Your LinkedIn presence should be shaped by your curiosity and your choices, not locked in by what an algorithm has decided your “professional embedding” says about you.

Especially as a developer, where your interests, your stack, your direction, and your goals are genuinely in flux most of the time.

We’re not static profiles. We’re moving targets.

A system that anchors on who you were last month isn’t serving who you’re trying to become.

A Big Bet That May Have Missed the Point

At the scale LinkedIn operates over a billion users as a platform that millions rely on for career moves, professional visibility, and industry awareness, this implementation has had a real and measurable impact.

Not catastrophic, but meaningful.

It raises a question worth asking more often as AI gets layered into more products and platforms: Just because you can optimize for a signal, should you?

LinkedIn could measure dwell time—so it did.

It could build a Topic Authority Score, and it did.

It could collapse thousands of models into one. It did that too.

Each of those decisions made some sense individually.

Together, they created a platform that’s technically more sophisticated and experientially less useful for the people it was supposedly built to serve.

That’s worth acknowledging because it’s one of the clearest real-world examples we have right now of what happens when AI optimization runs ahead of user understanding.

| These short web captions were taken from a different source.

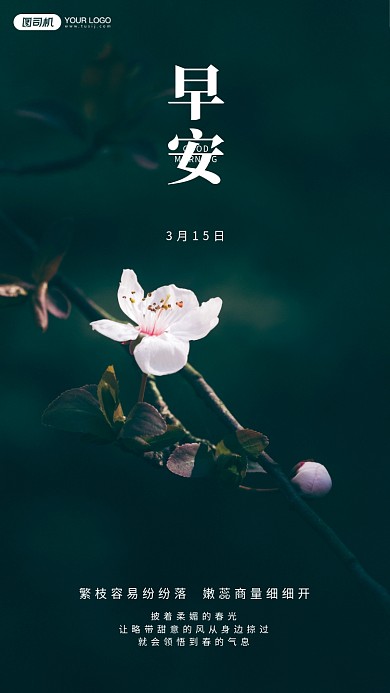 春天盛开的花朵摄影手机海报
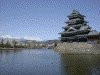 松本城の桜(15)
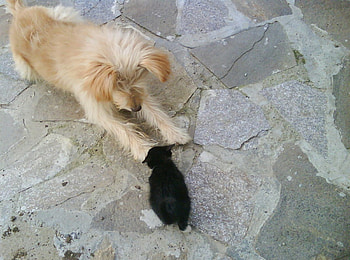 shaggy and the little musho, cat, cat and dog, shaggy, little HD wallpaper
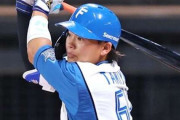 プロ野球、3割打者が絶滅危惧種になってしまうｗｗｗｗ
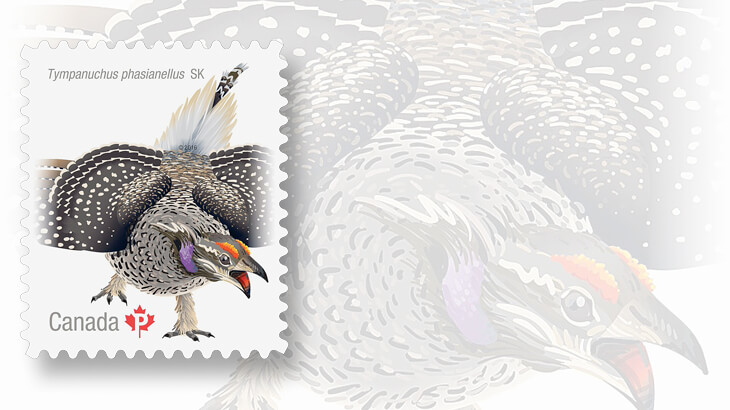 sharp-tailed-grouse-canada-stamp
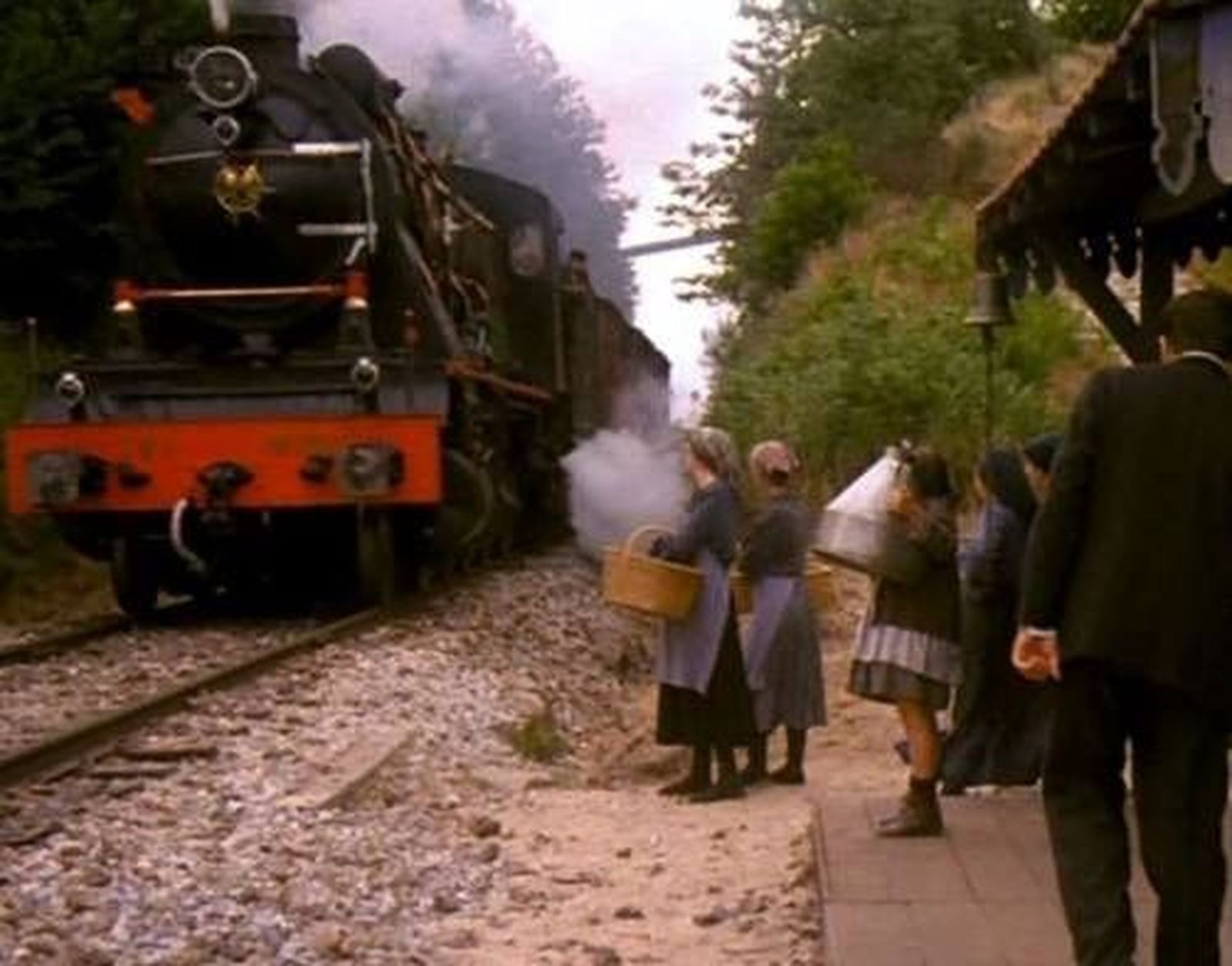 22215103 736597613190440 1622533173 n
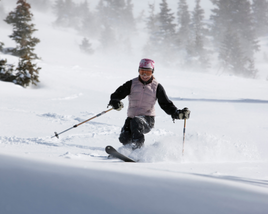 1hr Private Telemark Lesson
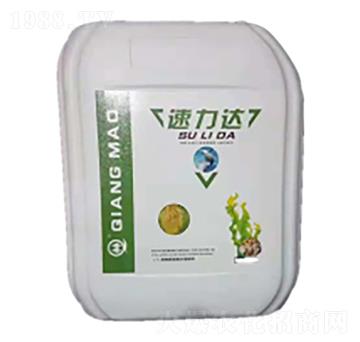 �����_-��΢����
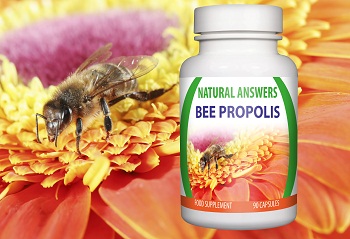Protect Against Cold & Flu this Winter with Bee Propolis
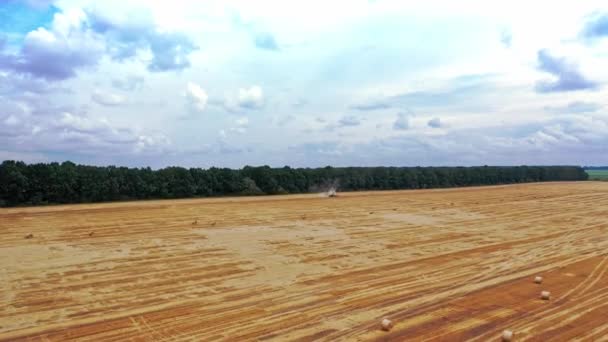 夏の日に黄金のフィールド上の空中ビュー 農地に寝そべっている家畜のための丸い乾燥した俵 モーションカメラのトップダウン — ストック動画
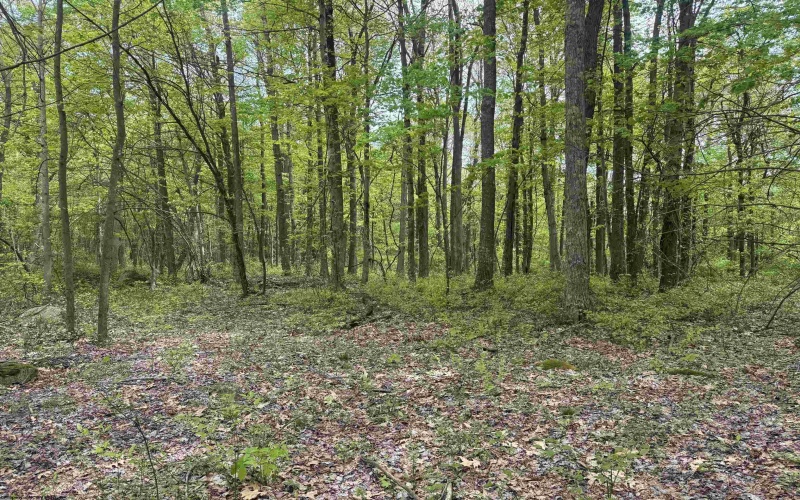 Lot 30 Oak Drive, Albright, West Virginia 26519, ,Lots/land,For Sale,Oak,10159465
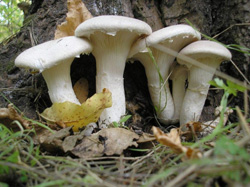 Год моховика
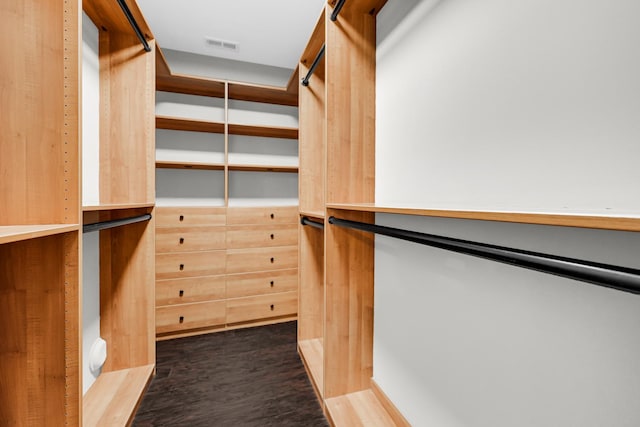 10 Millbrook Ct, Algonquin, IL 60102 - spacious closet with dark wood-type flooring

For us as developers building things and deciding where AI actually fits, that’s worth remembering.

Related: You’re Not Just Writing Code, You’re Architecting an Experience

What This Actually Means, Especially for Developers

LinkedIn used to fill a specific and valuable role for developers. Not necessarily as our primary community space—that’s always been GitHub, Discord, Twitter/X, dev Slack communities—but something distinct.

The place where you built a professional presence that spoke to non-dev stakeholders. To hiring managers, cross-functional peers, and recruiters.

The platform where your craft had visibility beyond the dev bubble.

That role still technically exists, but the platform facilitating it has changed what it’s optimizing for in a fundamental way.

LinkedIn is no longer a social stream that rewards showing up and engaging organically.

It’s repositioned itself as a Professional Intelligence Tool that expects depth, niche focus, months of consistent behavior, and interactions that demonstrate real attention rather than passive presence.

That’s a very different contract than the one most of us signed up for.

It kinda seems like we now need teams (of humans or agents, your pick) to simply make us seen the way that the algorithm wants to see us.

The Logic Is Sound, The Silence Isn’t

What frustrates me about all of this is that the logic isn’t wrong.

Surface-level engagement doesn’t prove professional value. Depth does.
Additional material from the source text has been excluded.